It must, however, be done at Zinc cassette replacement facilities or charging stations (similar to fuel stations or EV charging stations). The exhausted Zinc oxide cassette may be removed and recycled directly to Zinc, making this method sustainable. The process for changing the Zinc cassette might be safely performed at home by a layperson with some basic instruction.
With Lithium-ion batteries utilized in electric automobiles and other gadgets primarily imported from China, IIT-M researchers believe that additional research on Zinc-air batteries can present India with a locally produced answer. According to reports, India’s significant zinc reserves contribute in the rapid development of large-scale battery manufacturing. In roughly a year, the team will be in talks with automobile OEMs to integrate these new-age batteries into vehicles.
When asked about the capacity of their batteries to hold power, Dr Chandiran replied, “We have built batteries that can store up to 1.3-2.6Kilo Watt Hour(KWh) and this is sufficient as most E-scooters use 2KWh batteries. The Zinc-air batteries that we have developed are far simpler to manufacture and the process can be done even in a normal room with ambient conditions and standard machines. This is in contrast to Li-ion batteries that require special ultradry conditions and high pure chemicals at the manufacturing facility.

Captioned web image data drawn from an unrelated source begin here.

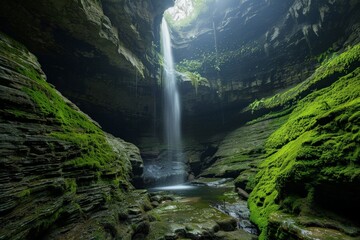 Poster - Waterfall cascading into cave opening illuminating green moss covered walls
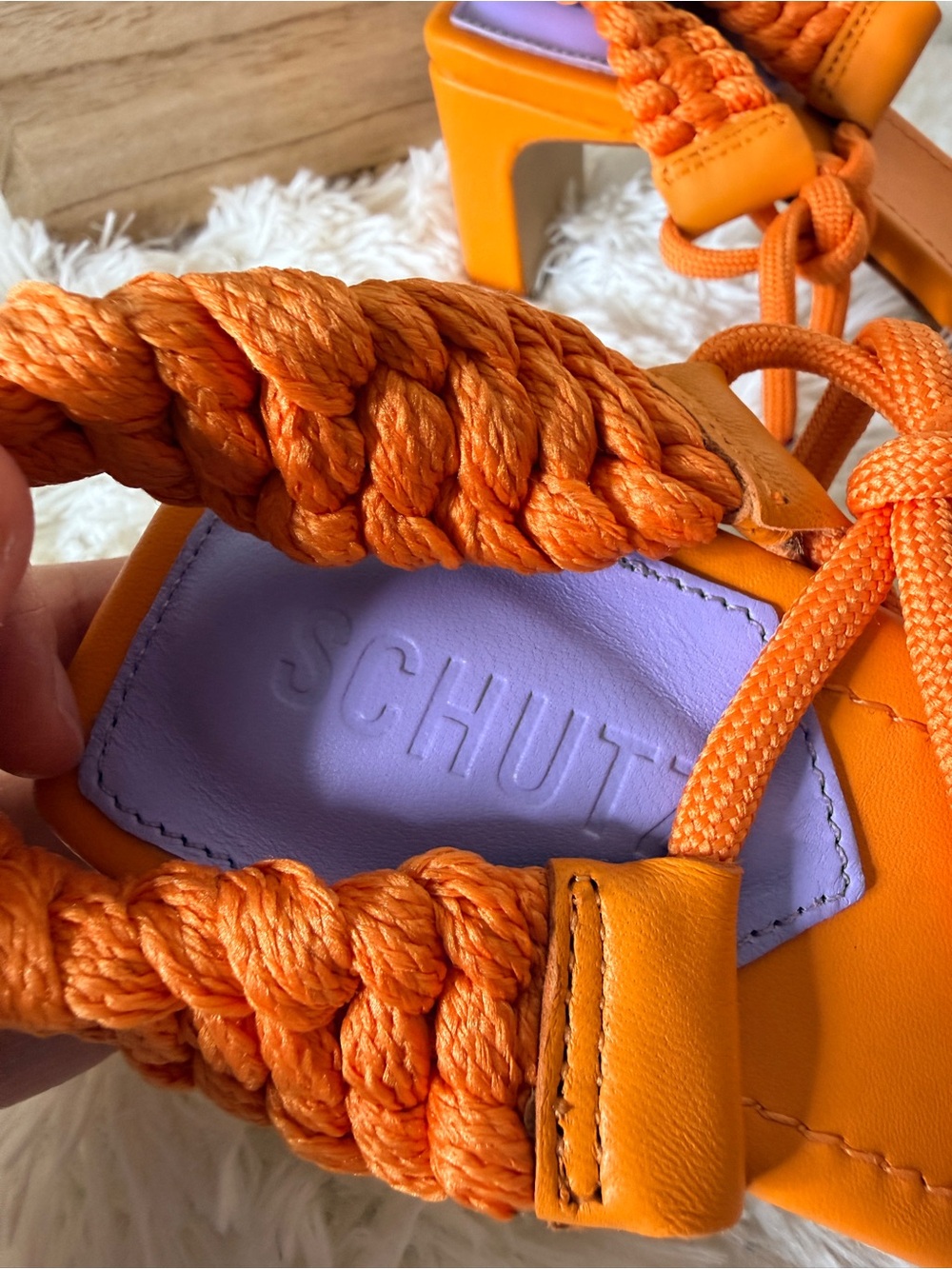 Schutz Blair Braided Rope Ankle Tie Colorful Heel Sandals Orange Size 8.5 - Picture 6 of 9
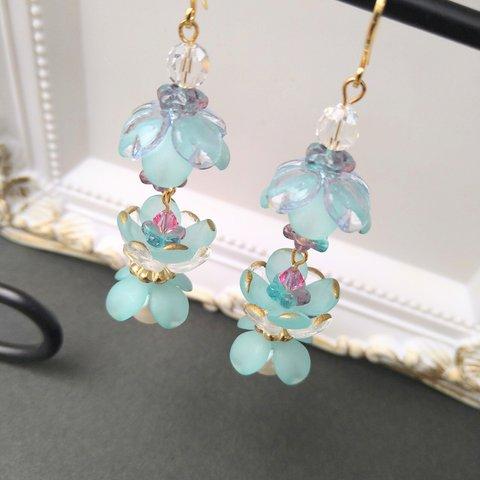 花くらげ　耳飾り　ピアス　イヤリング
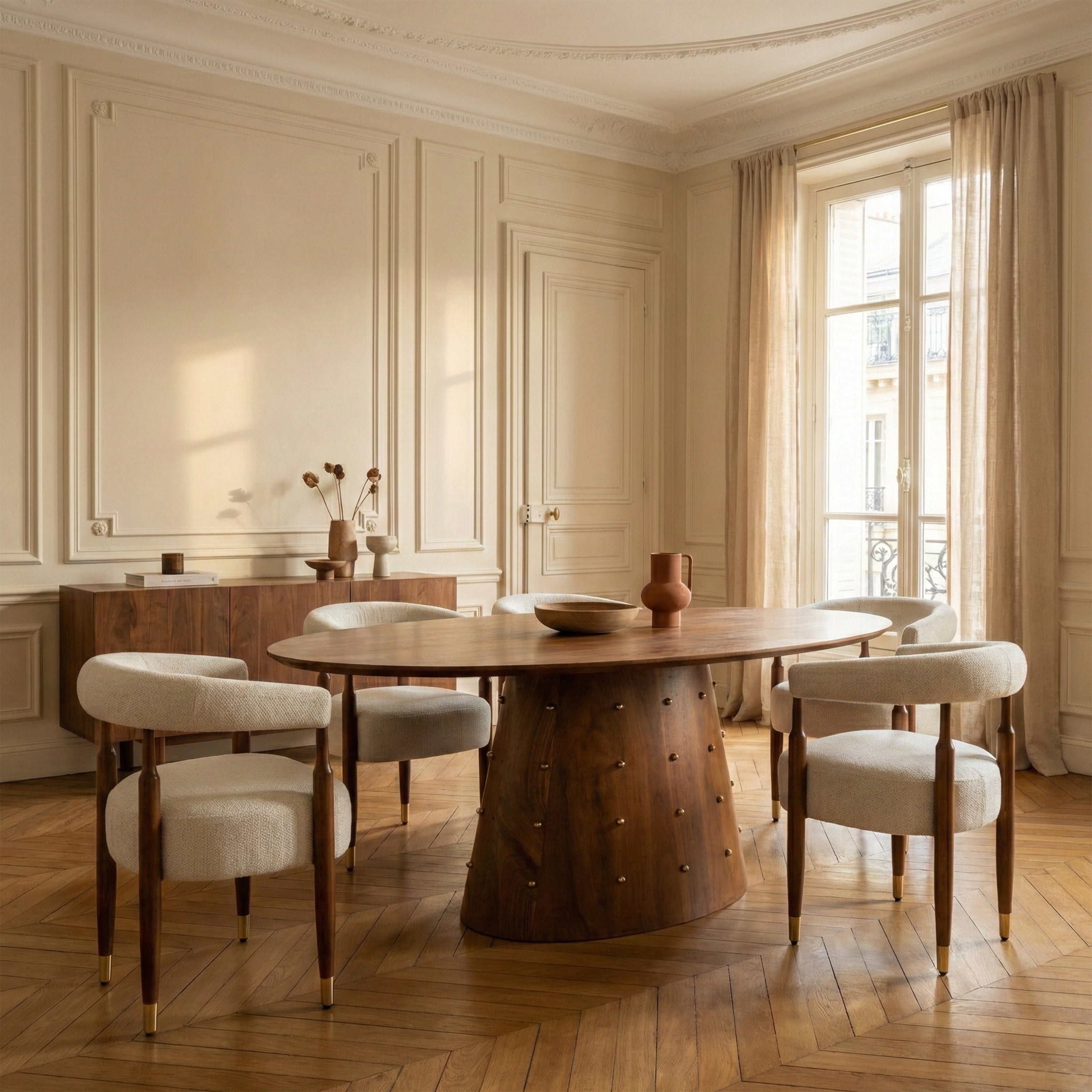 Round table styled in classic interior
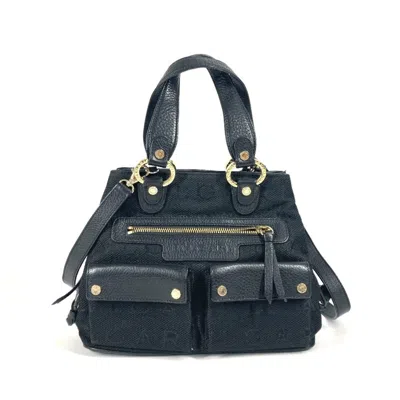 Pre-owned Bvlgari Black Leather Canvas Handbag Shoulder Bag Tote Bag ()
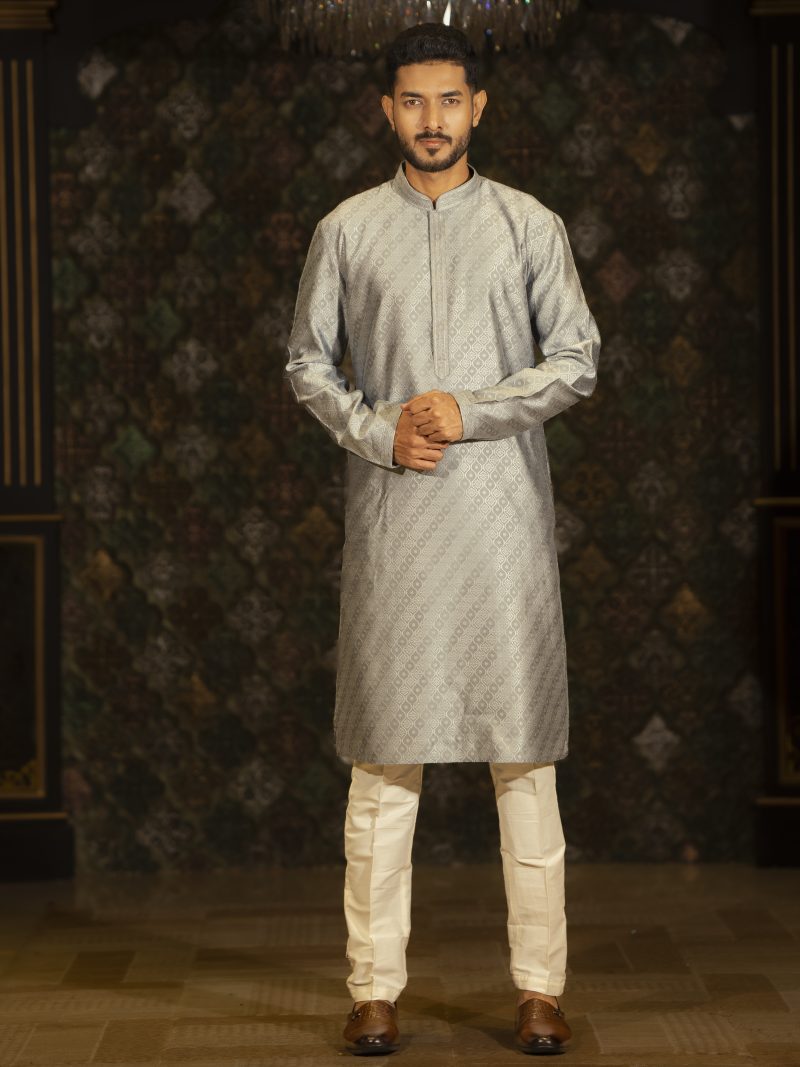Gray Color Regular Fit Cotton Panjabi
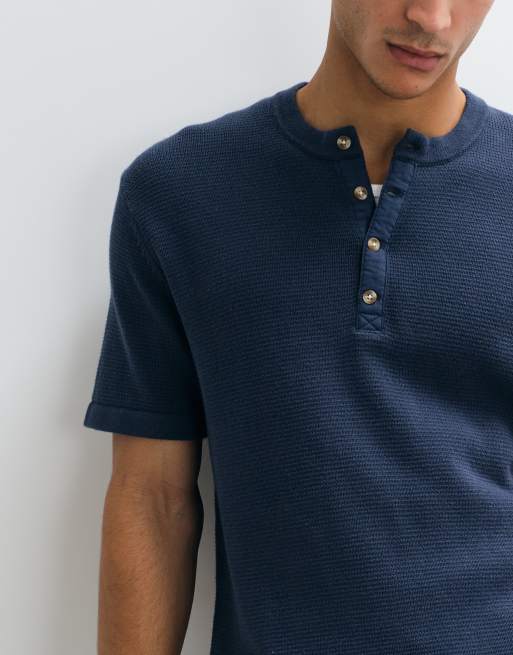Abercrombie knitted short sleeve henley t-shirt in navy, 4 of 5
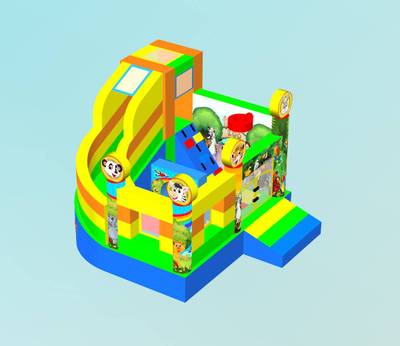 Детский надувной батут "Попугайчики и их друзья", размер 3,5*3*2,7 м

However, there is one technical aspect where these Zinc-ion batteries fall significantly behind their Lithium-ion counterparts. “Such batteries can only be used in two or three-wheelers and not cars, as cars require high power and these batteries can’t cater to that need. Simply put, these Zinc-air batteries are capable of storing high amounts of energy(on par with Li-ion ones), but cannot deliver power as rapidly as Li-ion” Dr Chandiran explained.